The role of radiotherapy and chemotherapy in extraskeletal myxoid chondrosarcoma.

BACKGROUND

Extraskeletal myxoid chondrosarcoma (EMC) is an extremely rare subtype of sarcoma characterized by NR4A3 gene rearrangement. Despite being considered slowly progressive sarcomas, EMCs tend to have local recurrences and distant metastases in the late stages. This study aimed to investigate the prognostic factors of EMCs, especially the effect of (neo)adjuvant radiotherapy or chemotherapy on localized EMCs and chemotherapy on advanced-stage EMCs.

METHODS

We retrospectively analyzed 171 patients pathologically diagnosed with EMCs between 2002 and 2022 using the Japanese National Bone and Soft Tissue Tumor Registry Database.

RESULTS

Disease-specific survival was significantly shorter in the group with distant metastasis at presentation (n = 29) than in the group without (n = 142) (5-year disease-specific survival, 75.8% [95% CI: 54.7-89.1] vs. 91.3% [95% CI: 83.0-95.8]; p = 0.012).

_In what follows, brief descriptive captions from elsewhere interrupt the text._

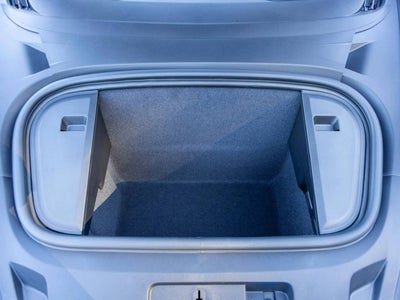 2026 Porsche Taycan Taycan Turbo Cross Turismo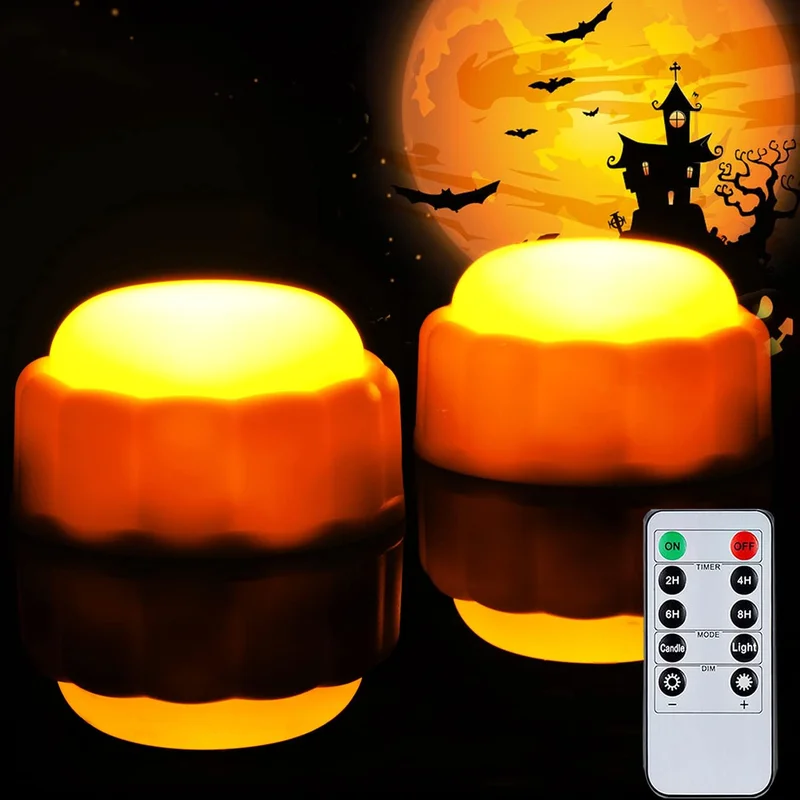zeebooth-34353824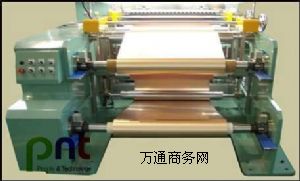 �n��(gu��)pnt�˿ƙC(j��)е늽��~���O(sh��)����Ƭ�C(j��)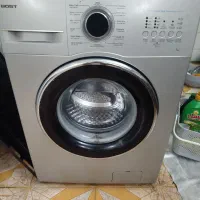 لباسشویی Bost در حد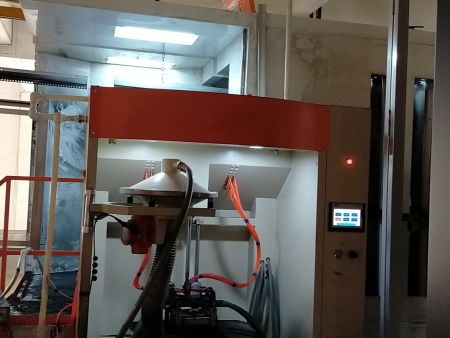 沈陽(yáng)客戶實(shí)拍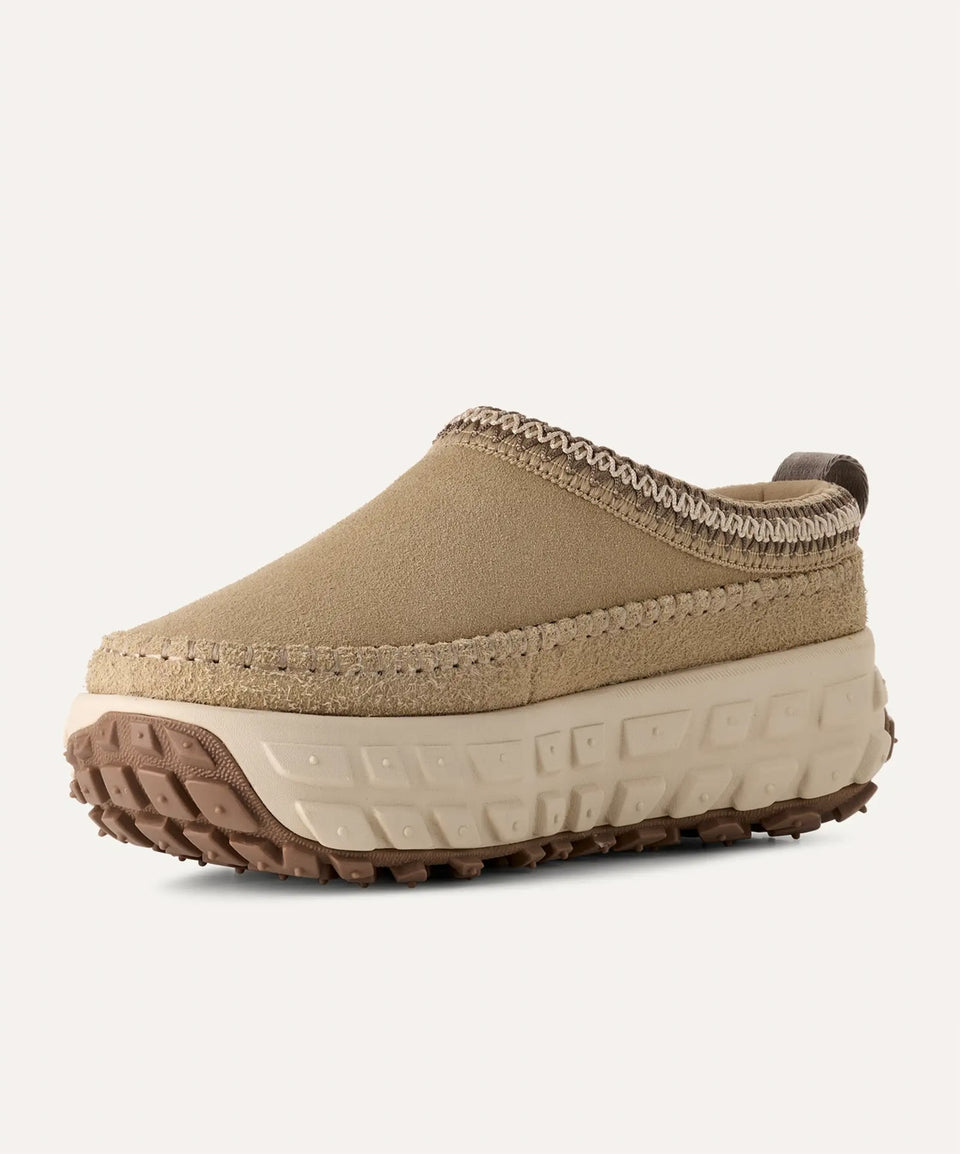 UGG M Venture Daze - Görsel 3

Multivariate analysis showed that an R1 or R2 surgical margin was a risk factor for unfavorable local recurrence (hazard ratio [HR] 4.76 [95% CI: 1.72-13.15]; p = 0.003). No association was found between (neo)adjuvant radiotherapy and local recurrence rates. With respect to disease-specific survival, the tumor site of the trunk (HR 6.28 [95% CI: 1.30-30.49]; p = 0.023) and larger size (HR 1.18 [95% CI: 1.06-1.33]; p = 0.004) were risk factors for unfavorable disease-specific survival. No association was found between (neo)adjuvant, or advanced-stage chemotherapy and disease-specific survival rates.

CONCLUSIONS

Patients with distant metastases at presentation had significantly shorter survival rates than those without. Wide resection is mandatory to reduce the risk of local recurrence of localized EMCs, and the local control effect of (neo)adjuvant radiotherapy is limited. Chemotherapy has a limited effect on improving survival.